===== DATA LISTING =====
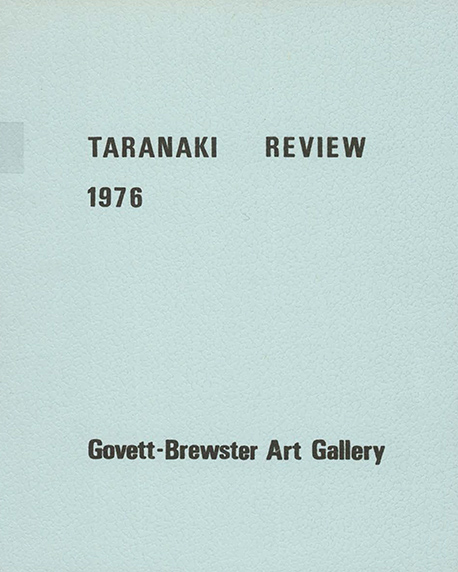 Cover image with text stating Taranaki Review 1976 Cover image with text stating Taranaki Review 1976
=====
===== DATA LISTING =====
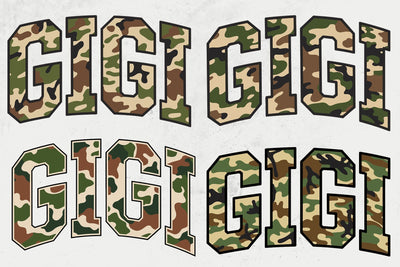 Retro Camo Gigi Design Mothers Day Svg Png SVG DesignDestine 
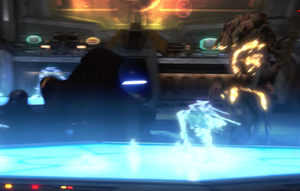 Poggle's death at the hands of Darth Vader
=====
===== DATA LISTING =====
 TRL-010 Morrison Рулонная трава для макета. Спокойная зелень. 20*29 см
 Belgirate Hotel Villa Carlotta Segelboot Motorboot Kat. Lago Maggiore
=====
#### HOW TO COMPLETE THIS TASK
Copy only these lines from the records above, exactly: the one with "Retro Camo Gigi", the one with "Poggle's death at the hands of Darth Vader", and those between. Skip the pictures.

#### EXPECTED ANSWER
 Retro Camo Gigi Design Mothers Day Svg Png SVG DesignDestine 
 Poggle's death at the hands of Darth Vader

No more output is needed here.